Meanwhile, Leonardo, 30, needed work. Artists for hire in Florence functioned in a competitive milieu, unduly ruled by patrons' whims. But in Milan he found a full-time employer for whom a court painter relocated from the shining city of Florence could add luster to the mantle of authority. For more than 16 years, the relationship between artist and patron flourished.
Leonardo was born outside the rural Tuscan hill town of Vinci on April 15, 1452, the illegitimate son of a peasant girl and a prosperous notary. A homosexual, he faced intransigent social hurdles. Apprenticed at 14 to the successful Florentine artist Andrea del Verrocchio, he had a leg up when he set out for Milan. But the lack of prospects earlier in life may finally have been a help if he was going to paint: Smart, but not born to privilege and schooling, he needed to look and to look hard.

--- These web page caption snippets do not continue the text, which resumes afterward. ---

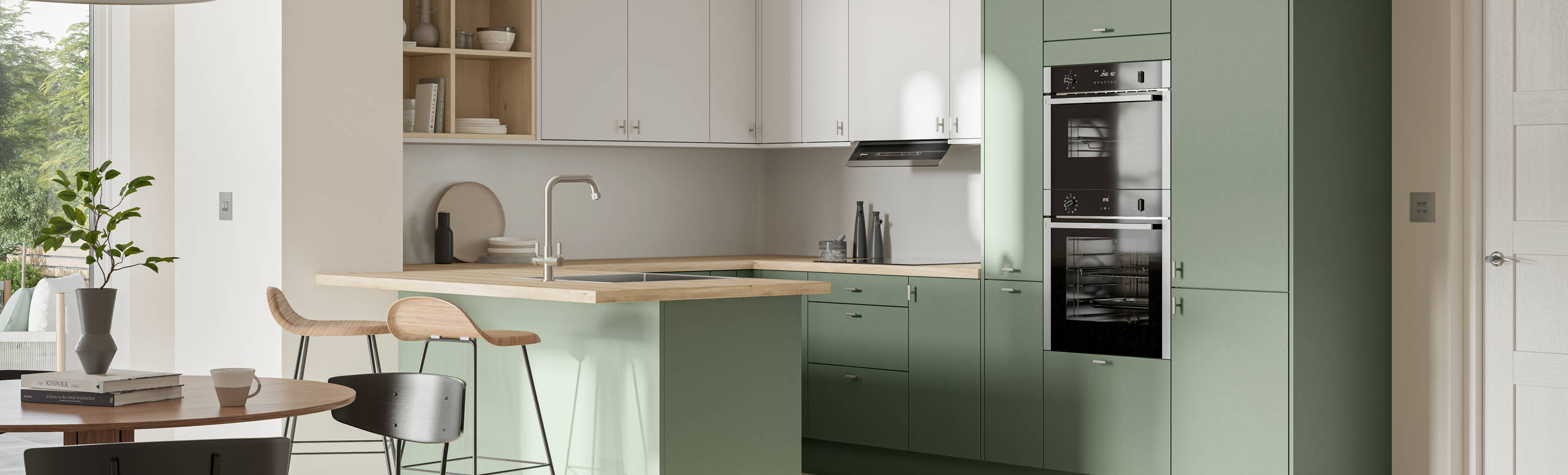 Contemporary scandinavian influenced Ascoli kitchen in fresh shade green Woodland and light grey, wall cabinets with timber accents like open shelves and oak laminate worktop, matched with oak laminate flooring and wood barstools at breakfast bar.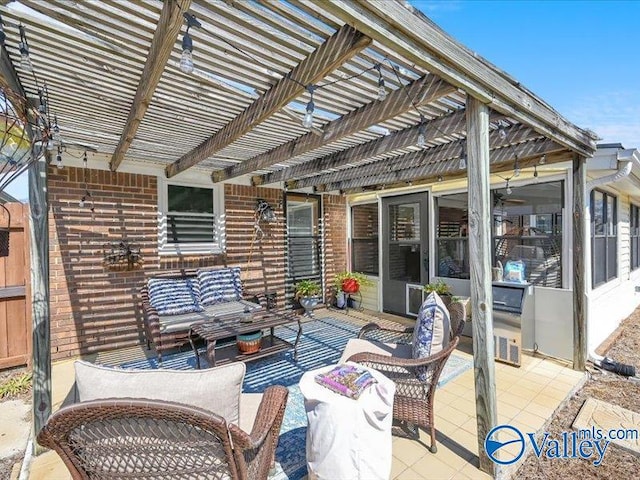 view of patio featuring an outdoor living space and a pergola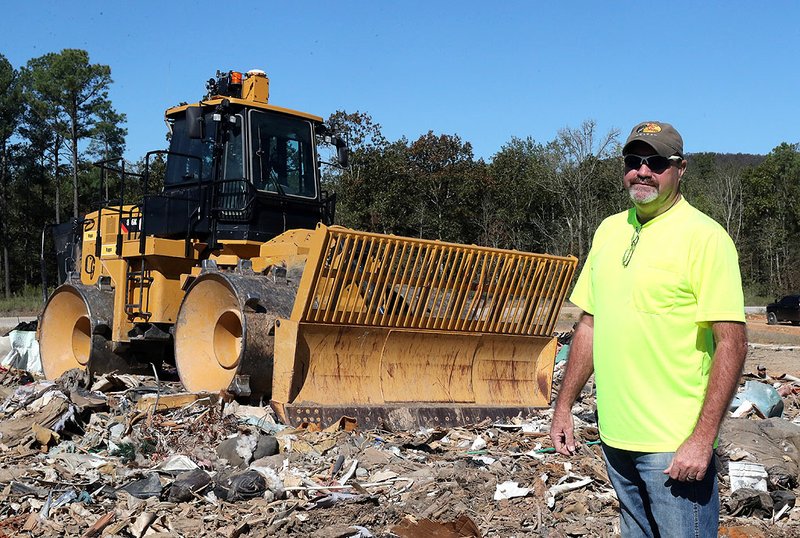 Billy Sawyer, standing in front of a compactor at the Cedar Glades Landfill Tuesday, will be the new director of the county's environmental services department starting next week. He's been the assistant director since 2015. - Photo by Richard Rasmussen of The Sentinel-Record story.lead_photo.caption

Drawing, as the most direct record of artistic thought, was critical. The show's drawings — studies for neck muscles, drapery folds, feet, various saints, the nervous system, buildings and more — are not merely ancillary. A sheet that records numerous studies for a dog's paw shown frontally, in profile and in different angled views resonates with Cecilia and her ermine: You watch Leonardo slowly turning the paw around in his mind.
Also critical, he believed that the human soul resided in the head. Eyes connected the outside world to the spiritual mind, while bodily motions — properly understood — could reflect the mind's movements.
That's one reason the newly attributed "Christ as Salvator Mundi" looms large. Thought to have been painted for France's King Louis XII after his troops drove Il Moro from Milan, Christ is shown holding a heavy, flawless sphere impossibly cut from rock crystal. An emblem of worldly perfection, the sphere's clear quartz refracts light, delicately altering the hand's perspective. The diffused blue color of the robe behind it repeats in the limpid orbs of his eyes, linking hand to divine vision.
Christ's two eyes, anticipating Mona Lisa's a few years on, are of two subtly different aspects. One looks straight at you, acknowledging your being. The other looks past you, taking in the cosmos.
In turn, you look straight at the painting — and past it too, taking in the "mundi" (the world) that Leonardo both encompassed and created. Material substance merges with immaterial spirit, forming a boundless reservoir of charity and faith.